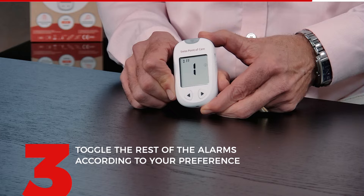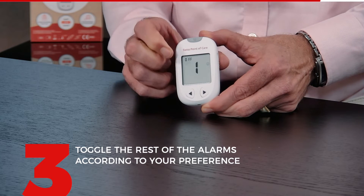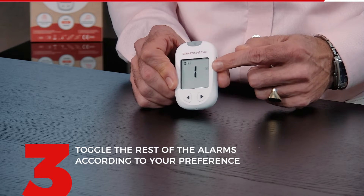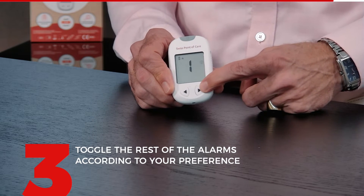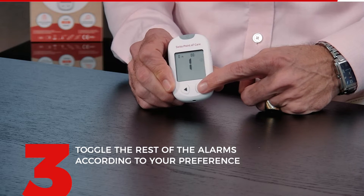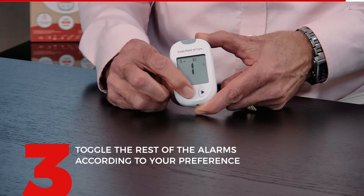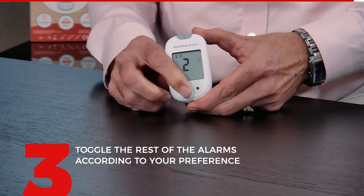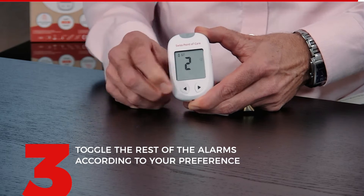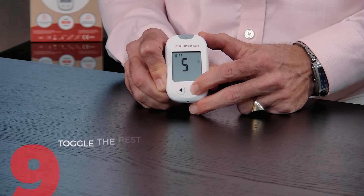Now you have the ability to set an alarm. This is especially important if you need to be reminded of when you should do a measurement. You can choose alarm number one — put it off or on. If you put it on, press the right to confirm, and you can say what time you want the alarm. I'll put the first one at 8 o'clock in the morning. With the right I confirm. The second alarm you can turn on by clicking on the left, or leave it off. There are alarms number three, four, and five — you have a total of five alarms that you can set.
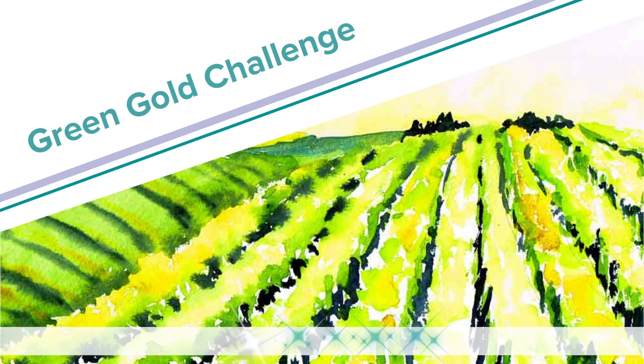One of my new YouTube friends told me about the green gold challenge. There was only one thing I could say about that — challenge accepted. Let's go paint something.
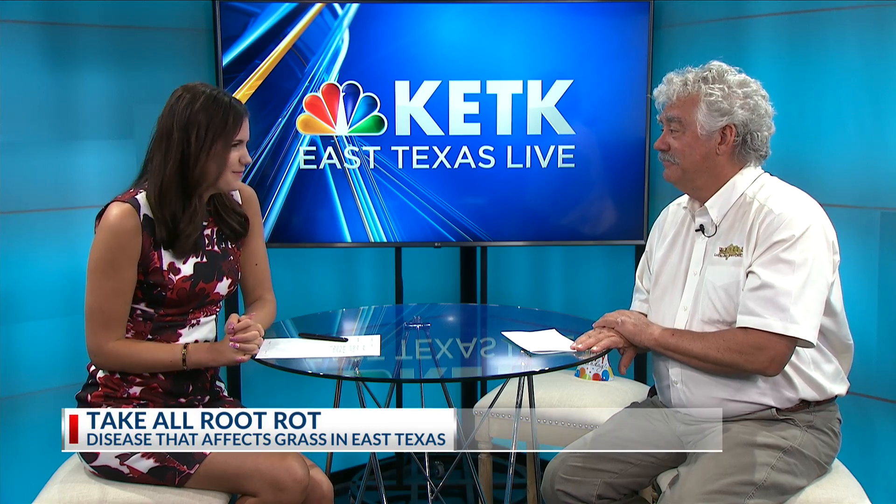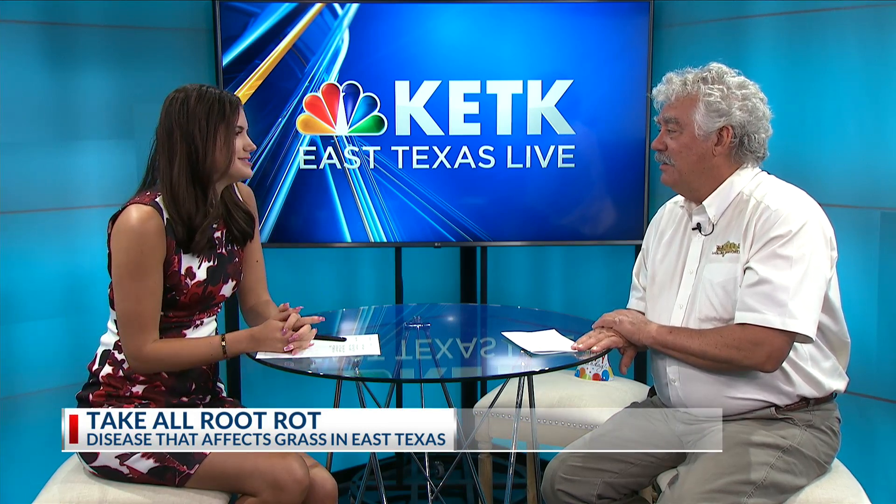Welcome back. James Wilhite is here because it's been raining and we've been talking about rain and how we don't want any more, but yet there's going to be more. So what issues is this causing, James?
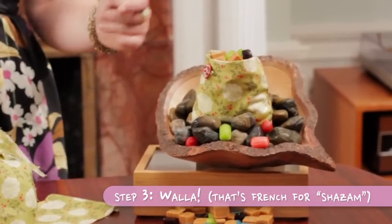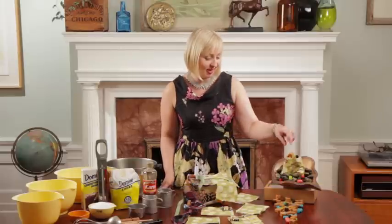You have an adorable little pouch to send your guests home with. I'll see you next week! Mmm, it tastes like creativity.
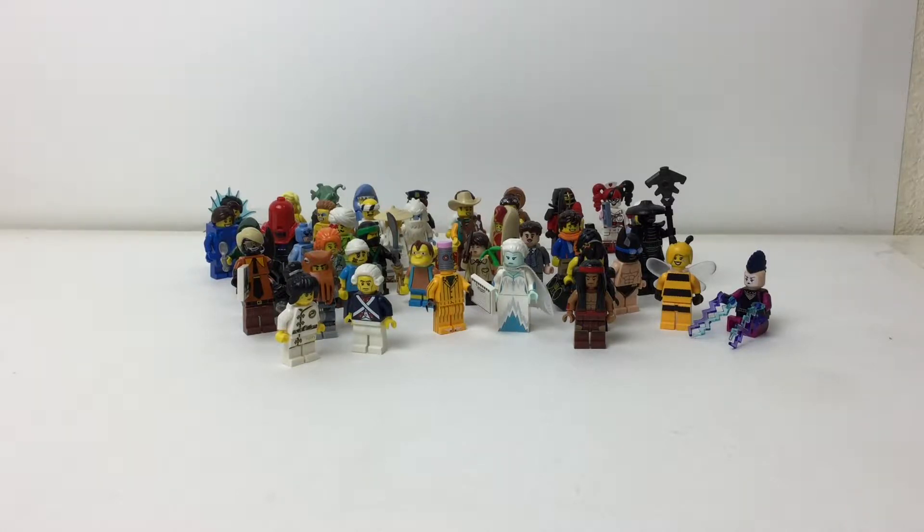Now I own, I believe, 53 — I was counting rather quickly — so let's say 50 plus collectible minifigures. Blind bags now go for four dollars US. In all my review videos where I review one of them, I always say they should be one dollar. I don't think I'm dreaming — I think we're just used to it being four dollars. I think they should be one dollar because all you're really getting is a figure.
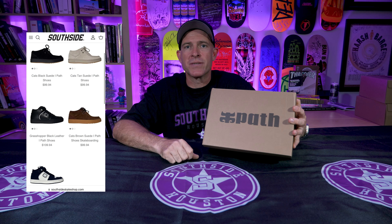iPath is back. We brought it in here at Southside Skatepark and pretty immediately we're getting picked off online and in store. There were a lot of skateboarders here in Houston, Texas that were definitely looking forward to getting themselves a pair of these Cats. We have three Cats to show you guys: Cats in brown, Cats in tan, and the Cats shoe in black.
━━━━━━━━━━
• _Task to carry out_
Repeat only the lines between the top of the entries above and the line containing "One of my new", both ends included, without the pictures.

• _Answer_
Now you have the ability to set an alarm. This is especially important if you need to be reminded of when you should do a measurement. You can choose alarm number one — put it off or on. If you put it on, press the right to confirm, and you can say what time you want the alarm. I'll put the first one at 8 o'clock in the morning. With the right I confirm. The second alarm you can turn on by clicking on the left, or leave it off. There are alarms number three, four, and five — you have a total of five alarms that you can set.
One of my new YouTube friends told me about the green gold challenge. There was only one thing I could say about that — challenge accepted. Let's go paint something.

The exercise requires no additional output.